Yağmadı, Ama Gürledi Gitti
YAĞMADI, AMA GÜRLEDİ GİTTİ.
Makamların kişilikler üzerinde yadsınamaz bir etkisi vardır. Gücü ve kudreti temsil ettiği makamdan kaynaklanan kişiler, zamanla, onunla özdeşleşirler ve kerameti kendilerinden bilirler. Apoletlere, etiketlere ve sıfatlara gösterilen saygı ile itinayı kendilerinden başkalarına gösterilmeyecek sanırlar. Yanıldıklarını ve vazgeçilebileceklerini anlamak için “emekli” olmak kadar basit ve doğal bir sürecin işlemesini beklemeleri yeterlidir kimi zaman.
Orgeneral Çevik Bir, görevde olduğu sürece etkin ve yetkin, ülke meseleleri hakkında söz söyleyip dinlettiren biriydi. Fakat, Çevik Paşa’dan daha çevik işleyen zamanın, “kader” faktörüyle ayrılmaz dayanışması, Çevik Bir’in emekli olmasına hükmetti. Orgeneral Çevik Bir, “Bir Bey” ya da “Sayın Çevik” olmuştu artık.

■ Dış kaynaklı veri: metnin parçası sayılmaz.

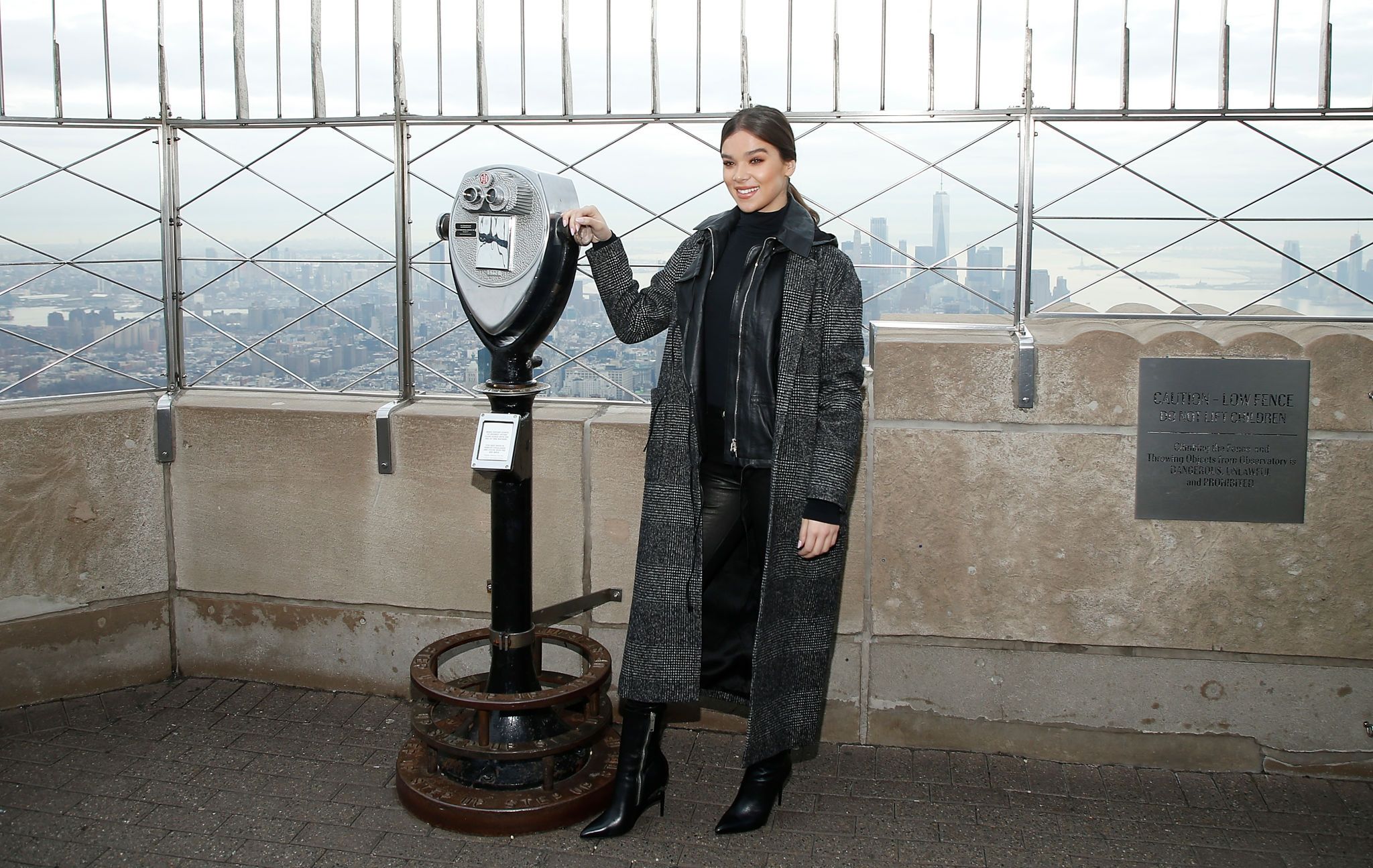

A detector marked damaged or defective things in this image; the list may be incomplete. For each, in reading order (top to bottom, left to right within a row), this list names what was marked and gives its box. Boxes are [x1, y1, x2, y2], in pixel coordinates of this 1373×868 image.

rusty metal base [392, 731, 617, 834]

Sivil Bir, bundan sonraki hayatını nasıl devam ettirecekti? Engin deneyimlerini değerlendireceği platformları eskisi gibi önünde hazır bulması mümkün değildi. Öyleyse nasıl bir yapılanmaya gitmeliydi? Askerlerin çoğu emekli olunca karşılarında üçkağıtçının birini bulurlar, “Paşam, gel birlikte bir köpek kemiği tozu fabrikası açalım, inanın bu işte yaman para var” diyen sözde bir işadamına bütün emekli ikramiyelerini kaptırıp orta yerde kalırlardı. Acaba Çevik Paşa da böyle basit tuzaklara düşecek miydi?.. Yoksa işinin bittiğini bir üniformayı çıkarmak kadar basite indirgeyenlere, üniformasız Bir’in de yağmur yüklü bulutlar gibi dolu olduğunu gösterip sivil hayatın ayak oyunlarına pabuç bırakmadığını kanıtlayabilecek miydi? Kanıtlamalıydı… Ama nasıl?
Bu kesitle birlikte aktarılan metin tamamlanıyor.